There are many mistakes in this story[citation needed]. Although a single neuron can in fact compute only a small number of logical predicates, it was widely known[citation needed] that networks of such elements can compute any possible Boolean function. This was known by Warren McCulloch and Walter Pitts, who even proposed how to create a Turing machine with their formal neurons (Section III of [19]), is mentioned in Rosenblatt's book, mentioned in a typical paper in 1961 (Figure 15 [20]), and is even mentioned in the book Perceptrons.[21] Minsky also extensively uses formal neurons to create simple theoretical computers in Chapter 3 of his book Computation: Finite and Infinite Machines.

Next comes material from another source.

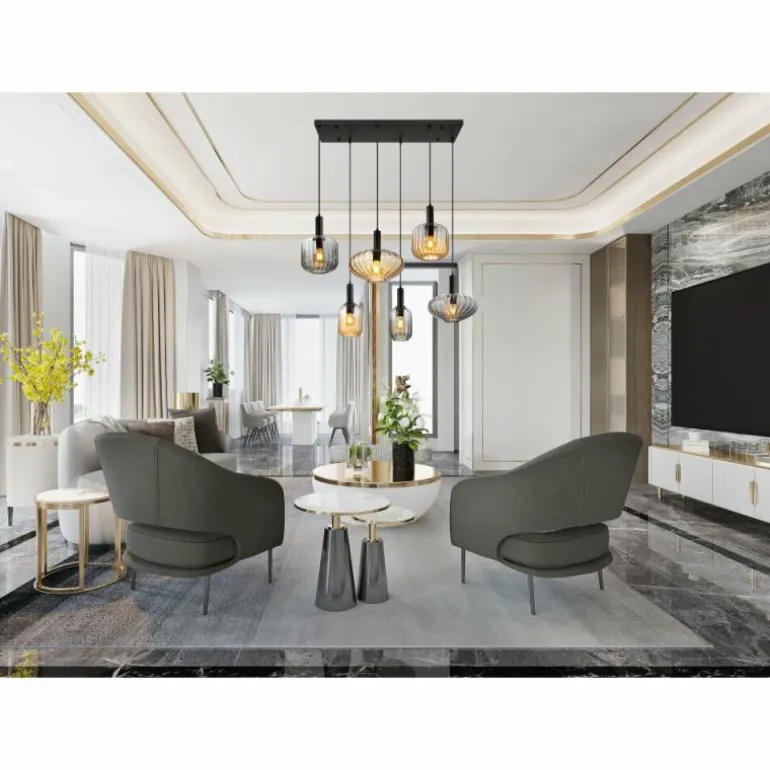 Valletta Suspension Luminaires Globo Lighting Noir, 6 lumières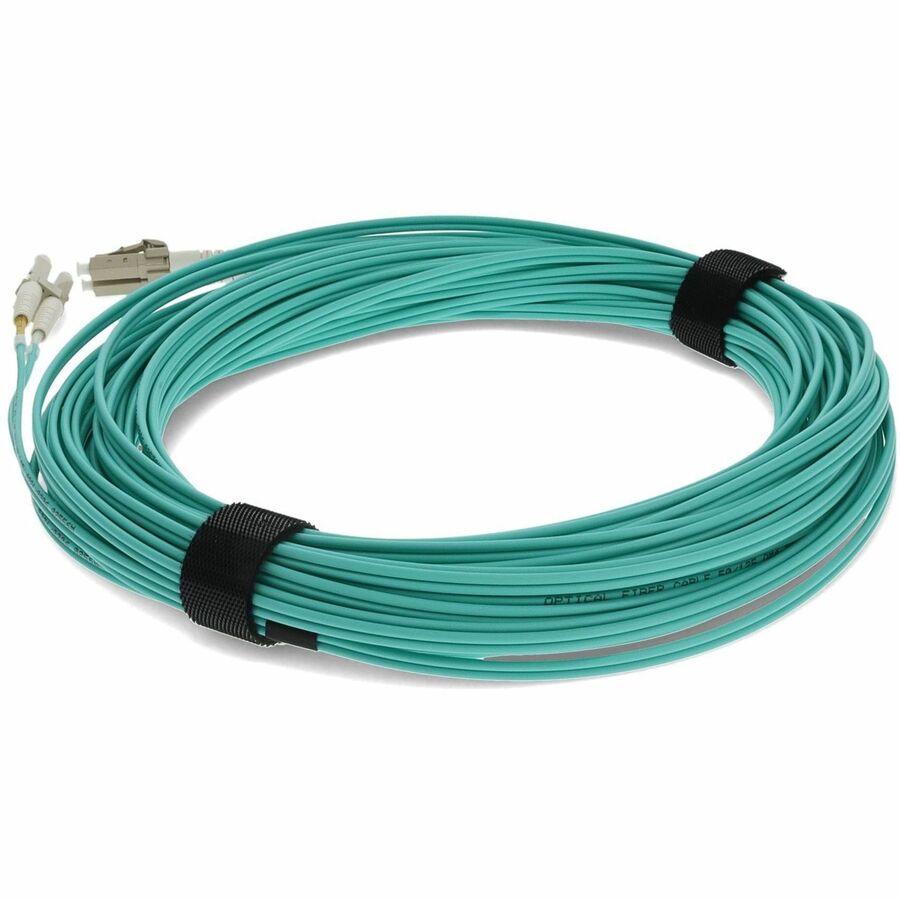 AddOn 30m HP AJ838A Compatible LC (Male) to LC (Male) Aqua OM3 Duplex Fiber OFNR (Riser-Rated) Patch Cable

In the 1960s, a special case of the perceptron network is studied as "linear threshold logic", for applications in digital logic circuits.[22] The classical theory is summarized in [23] according to Donald Knuth.[24] In this special case, perceptron learning was called "Single-Threshold-Element Synthesis by Iteration", and constructing a perceptron network was "Network Synthesis".[25] Other names included linearly separable logic, linear-input logic, threshold logic, majority logic, and voting logic. Hardware for realizing linear threshold logic included magnetic core, resistor-transistor, parametron, resistor-tunnel diode, and multiple coil relay.[26] There were also theoretical studies on the upper and lower bounds on the minimum number of perceptron units necessary to realize any Boolean function.[27][28]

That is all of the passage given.